Wednesday, June 25, 2008

The Center of Europe, Part 2

Lithuania is a country without natural resources. Once, many hundreds of years ago, it was a huge nation that stretched from the Baltic Sea to the Black Sea. Now, it is the size of West Virginia, but without the advantage of that state's coal.

Even after its first unit was shut down in 2004, the Ignalina nuclear power plant supplies 70 percent of Lithuania's electricity. But as a condition for entry into the European Union, this old Soviet-style, Chernobyl-like reactor must be shut down in 2009. The decision has been made, and the plant will close, and thousands of jobs in northeastern Lithuania, where jobs are exceedingly scarce, will be lost. Not only that, the cost of electricity will skyrocket because the options are not many: Buy electricity from Russia or build a new reactor, at a cost of perhaps $18 billion.

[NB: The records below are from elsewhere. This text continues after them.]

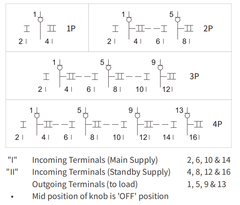 Interruptor de transferencia manual (MTS) ETEK montaje en carril DIN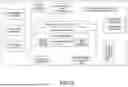 Fig. 09 - METHODS AND SYSTEMS FOR AN AUTOMATED DESIGN, FULFILLMENT, DEPLOYMENT AND OPERATION PLATFORM FOR LIGHTING INSTALLATIONS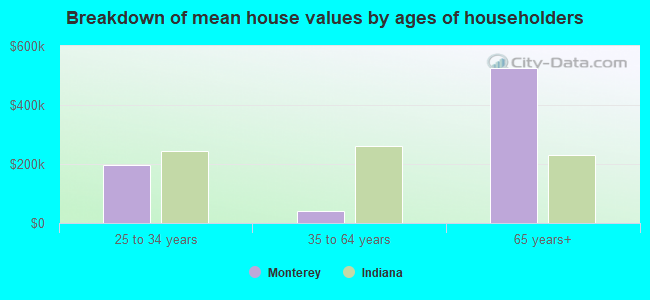 Breakdown of mean house values by ages of householders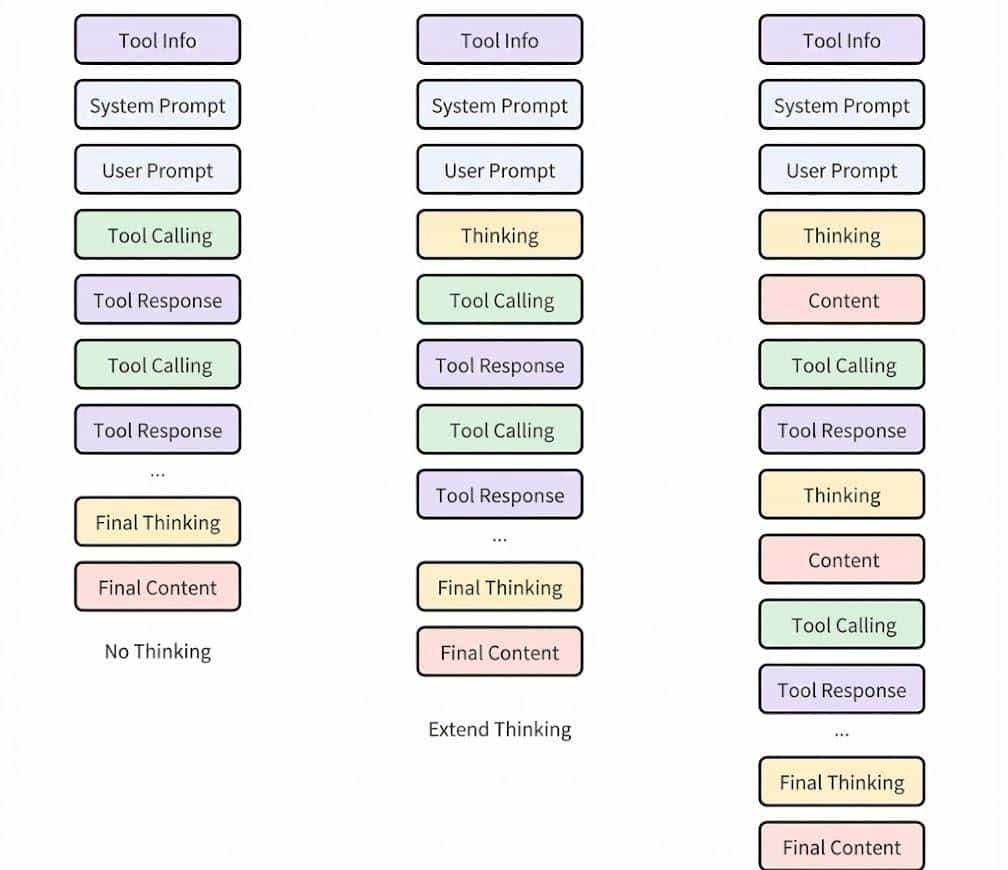 DeepSeek V3.2爆火，Agentic性能暴涨40%解密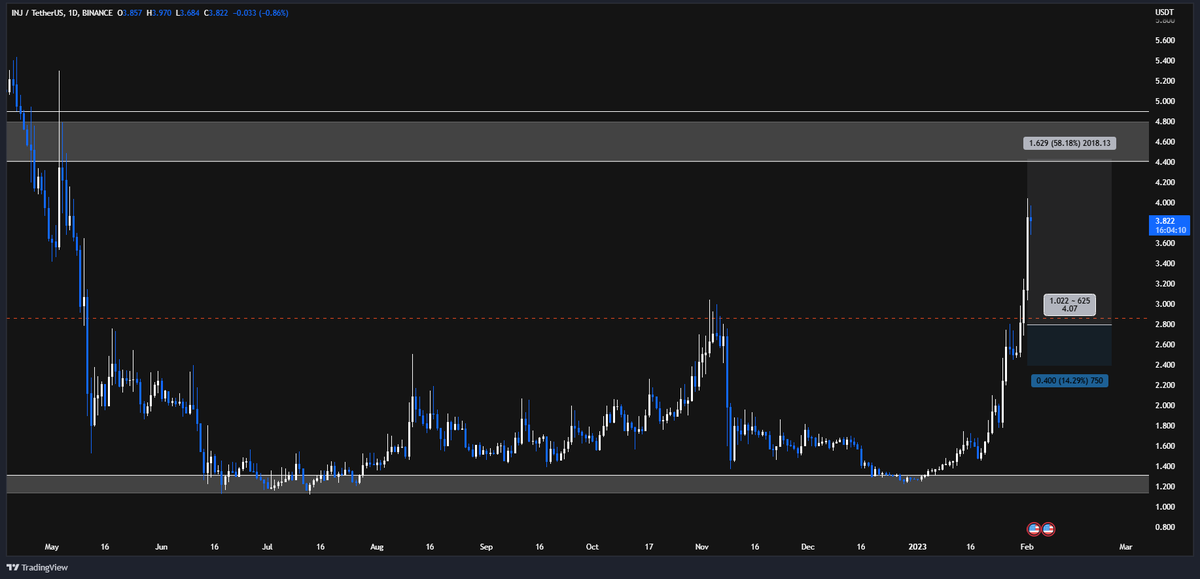 frensdart's tweet photo. $INJ in up only mode, didn't get the pullback I was looking for tho https://t.co/Lwpk9OICkW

Joining the European Union will be advantageous to Lithuanians, but painful as well. They have become accustomed to pain. The official unemployment rate is now down to 4 percent, but that figure is deceiving. In Lithuania, if you own a cow, which many families do just for the sake of survival, you are considered a farmer and thus employed.

The employment picture is better, though, because there are fewer people now. Massive emigration has depleted the population. It's estimated that among the young and educated, one of every four has left the country since independence in 1991.

What they've left is a beautiful landscape, verdant, and spotted with lakes of crystal-clear water. Driving through it, knowing something of these peoples' troubles, it makes your heart ache.